The European Court of Human Rights held unanimously that there had been no violation of Articles 2 and 8 of the European Convention on Human Rights in this leading case, upholding the 2008 decision of the House of Lords. However, two concurring opinions suggest some appetite to revisit the application of the Osman test promulgated in 1998.

Background

The facts of this case are well known.  Giles Van Colle was killed by a man called Daniel Brougham, whom he had hired in an alias name.  Brougham had a criminal record in his correct name. After an altercation, Brougham stole goods to the value of £500 from Mr Van Colle’s business.  In parallel criminal proceedings, DC Ridley became aware of attempts by Brougham to curtail the criminal prosecutions against him. Brougham then threatened Mr Van Colle in the following terms “I know where you live. I know where your businesses are and where your parents live.  If you don’t drop the charges you will be in danger”.  The threat was reported to DC Ridley.  Subsequently, further threatening conduct was also reported but before any protective measures could be put in place, or Brougham could be arrested for witness intimidation, he shot Mr Van Colle dead as he left work.  He was subsequently convicted of his murder.

The decision

The European Court of Human Rights unanimously upheld the decision of the House of Lords in 2008. The claimants (Mr Van Colle’s parents) had failed to establish that the police knew or ought to have known at the time of the existence of a real and immediate risk to Mr Van Colle’s life and/or that the police had failed to take measures within their powers which might have avoided that risk (the Osman test). 

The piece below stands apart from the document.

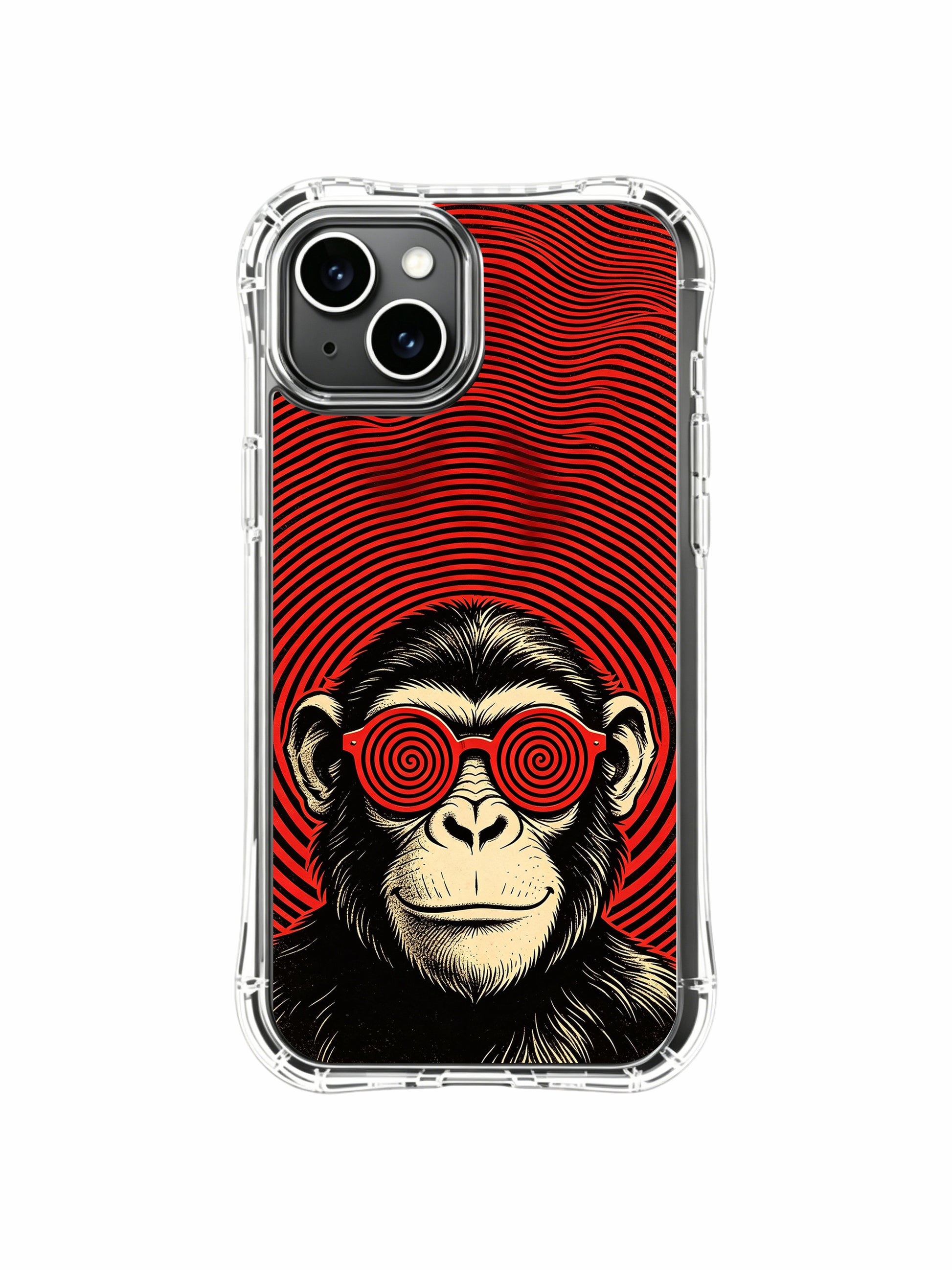 Mischief wit philosophy bespoke fine art red spiral glass retro chimp design by Rufus Vale on PhoneCasing iPhone 13 Case, exclusive limited-run art casing shipped from California USA.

The court observed that “the scope of any such positive obligation must be interpreted in a way which does not impose an impossible or disproportionate burden on the authorities, bearing in mind the difficulties in policing modern societies, the unpredictability of human conduct and the operational choices which must be made in terms of priorities and resources.   Not every claimed risk to life can entail for the authorities a Convention requirement to take operational measures to prevent that risk from materialising”.   

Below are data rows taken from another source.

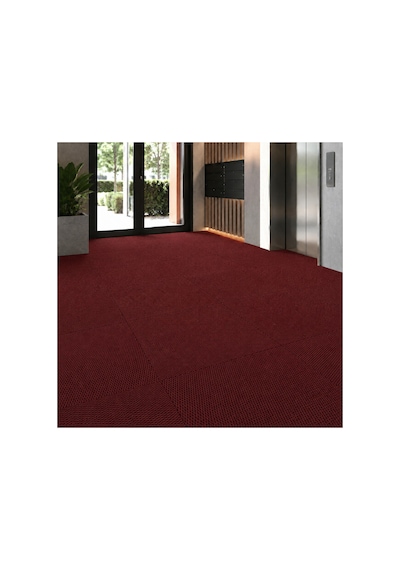 Karo Halı Modüler Yer Halısı Ev Ofis Oda Salon Koridor Antre Zemin Kaplama 50x50 Cm Kırmızı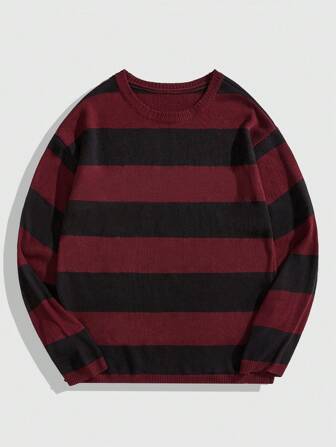 Academia Men's Casual Contrast Stripe Round Neck Sweater, Autumn/Winter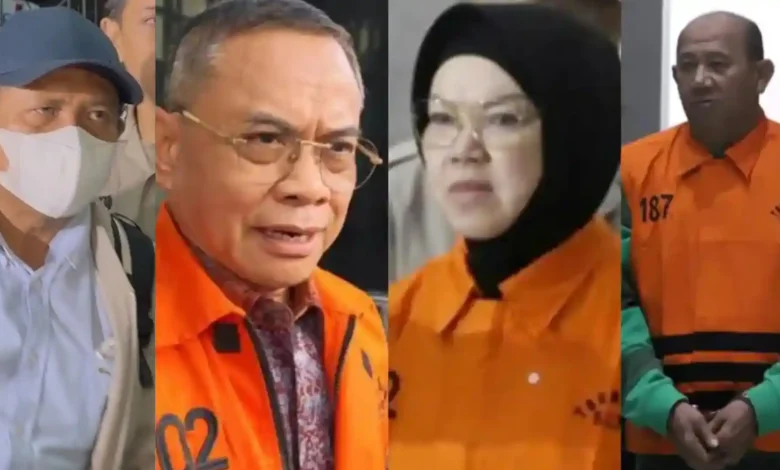 Empat dari 11 kepala daerah yang terjaring OTT KPK sepanjang 2026. Dari kiri ke kanan secara berurutan: Bupati Lombok Barat Lalu Ahmad Zaini, Bupati Pati Sudewo, Bupati Sukoharjo Etik Suryani, dan Bupati Langkat Syah Afandin.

The court upheld the earlier domestic decision alleging Article 8 infringements and confirmed that the claims by Mr Van Colle’s parents in their own right were admissible.  Close family members, such as parents of a person whose death is alleged to engage the responsibility of the State, are legitimate as indirect victims of the alleged violation.                

Comment

This case is a useful reinforcement of the high threshold test established in Osman v UK. However, two concurring opinions of Judges Garlicki and Vucinic suggest some appetite for the European Court to revisit Osman.  

Although expressing no doubt that the Osman test had been correctly applied in the House of Lords, Judge Garlicki was troubled by the process of application in 2012 of a test established on the facts of the case considered in 1998. The judge observed that the Convention is a “living instrument” and that the Osman test should be applied in light of present day conditions.  As the judge observed, “that is why I am not convinced that the Chamber was correct to base its finding of no violation on the observation that “the risk factors in the present case cannot be said to have been greater than those in Osman in which no violation of Article 2 was found”. The judge indicated that “a conclusion adopted in 2012 must be based on an updated analysis of the positive obligations and not on a mechanical application of the Osman test in its fixed version”. 

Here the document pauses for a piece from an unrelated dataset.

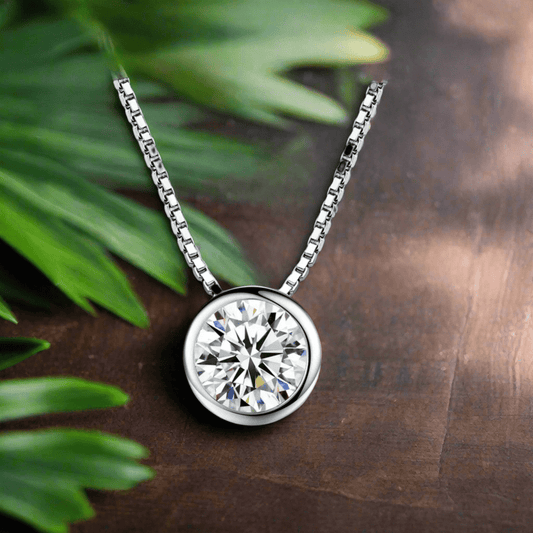 Luminous Elegance Bezel Pendant Necklace.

Judge Vucinic also noted his considerable hesitation in finding no violation in this case.  He observed that a review of the case law since Osman suggested that the European Court has not yet been called on to examine the protection of witnesses from the standpoint of Article 2. Although not wishing to give the impression that the current case was a suitable one for that review, nor that “every witness in criminal proceedings should be given constant police protection”, the judge indicated that “sooner or later the court will have to come to grips with this key issue ….”   

The European Court door has certainly been left open for further challenges in this troublesome area.